Alors bien sûr vu de la surface et muni d’un aquascope il est possible de déterminer les zones d’herbiers, les tâches propres et bien d’autres choses (encore faut-il que les conditions climatiques soient propices et pas trop remuantes), mais une fois sous l’eau l’angle de vue change radicalement passant du vertical, à une vue quasi horizontale et panoramique. La plongée donne la possibilité de se positionner au plus bas de la couche d’eau et d’observer le décor à la façon d’un poisson.
Une fois immergé l’on se rend compte que les herbiers forment d’énormes dunes végétales façonnées par le vent et les courants, dignes d’un paysage lunaire verdoyant. Les herbes sont comme torsadées avec des teintes de couleurs allant du vert foncé au jaune pâle. Il est parfois possible de nager plus d’une demi-heure sans trouver la moindre tâche accessible où poser un montage sur le fond. Les herbiers n’en finissent plus représentant quelques fois jusqu’à 90% de la surface du lac.
Sur certaines zones les plantes aquatiques forment de véritables murs végétaux infranchissables pour l’humain que nous sommes, mais à travers lesquels les poissons passent avec une aisance déconcertante. Il y a quelques mois j’ai suivi plusieurs poissons au milieu de massifs d’herbiers très denses.

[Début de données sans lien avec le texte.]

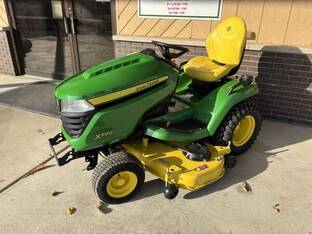 2022 John Deere X590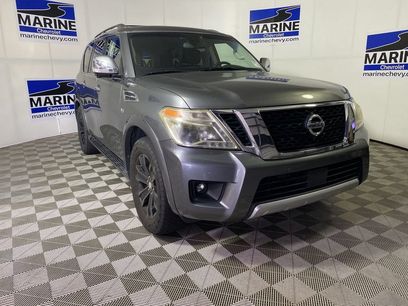 Used 2017 Nissan Armada Platinum w/ Captain Seat Package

Vus de la surface, les herbiers formaient de grandes plaques très resserrées composées d’herbiers et de mousse jaunâtre, mais une fois sous l’eau les tiges d’herbiers montant vers la surface étaient moins denses et laissaient apparaitre des passages pour les poissons… Dans ces murs végétaux il y avait comme des « portes » par lesquelles les poissons se faufilaient pour fuir ma présence un peu trop insistante. C’est leur habitat et ils le connaissent comme leur poche.
Sous l’eau on observe régulièrement des sillons d’à peine 20cm de large parcourant, çà et là, les fonds tapissés d’herbiers. Chemins empruntés par les poissons ? C’est fort possible, la plongée vous apportera de toutes façons plus de questions que de réponses… Les poissons évoluent dans leur milieu avec une fluidité qu’on est loin d’imaginer. Des poissons me sont d’ailleurs apparus plusieurs fois en plongée comme s’ils sortaient de nulle part, glissant entre deux pousses d’herbiers, et même parfois calés sur le fond herbeux totalement statiques.
De gros massifs d’herbiers dérivant se détachent vers la fin de l’été. Il ne faut pas s’y tromper ces masses d’herbe imposantes se déplacent au gré du vent, s’accrochant sur certains obstacles ou s’entassant le long d’une bordure, une partie aura même tendance à couler. Ils peuvent être un véritable calvaire pour les pêcheurs en embarquant leurs lignes.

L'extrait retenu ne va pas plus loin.